If you need a car charger for your cell phone, the instinct is to go to the phone company, walk into their lobby, and buy one for $29.95. Now how did I know that was the price? They all seem to be, because that’s what we’re willing to pay. Instead, you can go to the Cell Phone Shop and order one for $2.99. I recently bought two new ones for two different phones, the total bill including shipping was less than $10. A few days later a package arrived from China, and there were the perfectly good working chargers, albeit knock-offs.
I have a problem with buying staple products from overseas, but I have a bigger problem with paying a price in retail that is more than 10 times the value of the thing, particularly something as dumb as a cell phone charger.
There ought to be a rule or law or something that dictates that all cell phone charter plugs be the same. I swear, there must be 20 chargers in my house, all obsolete, most of which I paid $29.95 for. There is something very wrong about that, something as bad as using plastic utensils for a single piece of pastry.

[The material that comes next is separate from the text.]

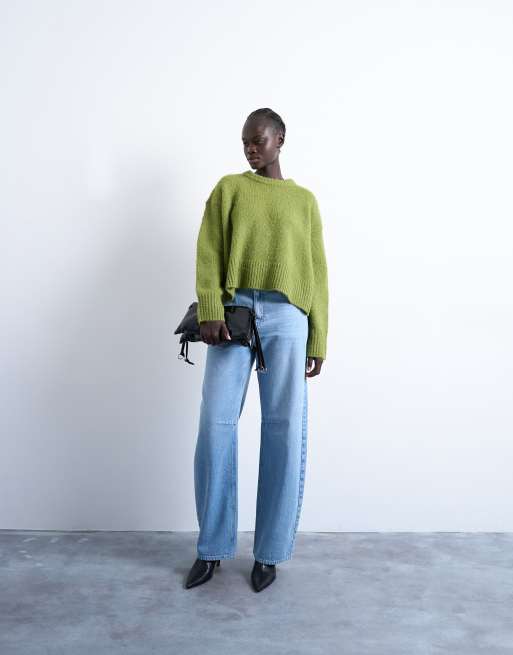 Topshop knit wool blend fluffy ultimate sweater in green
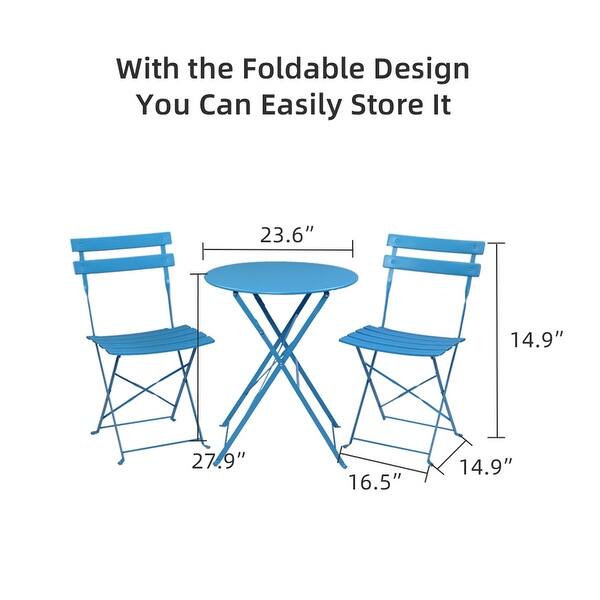 Shop Iron Folding Three Piece Set 2 Chairs 1 Table Blue Overstock 31622005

Once you buy from the Cell Phone Shop, however, you receive these emails with “specials” like the one I am showing here:
Two things about this email are silly:
1. The Design – by using images rather than text, the snazziness they were trying to achieve is completely taken away and the email is almost unreadable. Don’t they realize that 90% of browsers have images disabled? Can’t they design an email that is text-based that makes their point better and more effective than this?

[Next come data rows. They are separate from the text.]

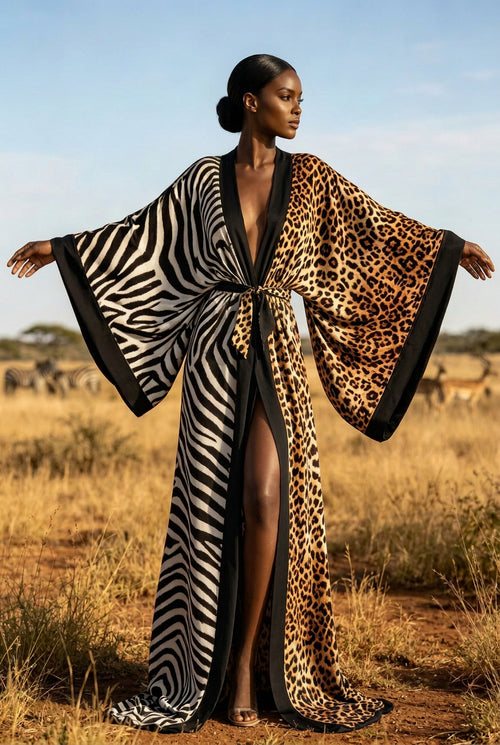 Animal Print Kimono Maxi Robe — Black Trim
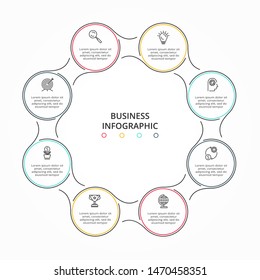 Thin line cycle infographic. Modern concept design template with 8 options, steps or parts. Flat vector illustration for business presentation.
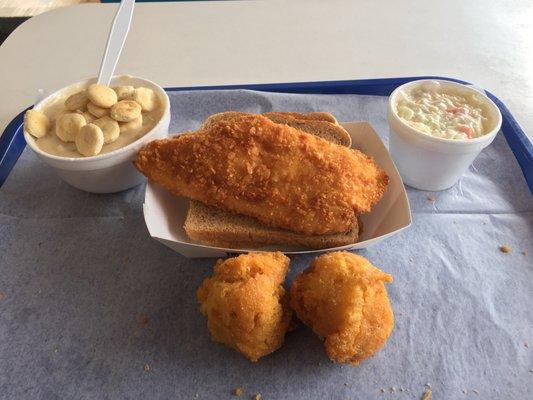 The not-so-clammy Chowder, First Mate on rye, "large" coleslaw and hush puppies.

2. The Special – they have an Easter Sale. I have also seen a Valentines Special and a Mother’s Day Sale. What the heck? Go to the Cell Phone Shop and check it out. You can buy cables, phones, batteries, chargers, covers, cases, holsters SIM cards, you name it. I buy those things when the old ones go. The old battery dies, I get a new one for a few bucks rather than $40 at Verizon. But I do NOT go to the Cell Phone Shop looking for a present for my mother.
Perhaps I am missing something. Perhaps these Easter Sales are working for them and the spam emails generate business. I’d be curious.
But I am befuddled. I suspect my “marketing email daughter” will have an appropriate comment here enlightening us all.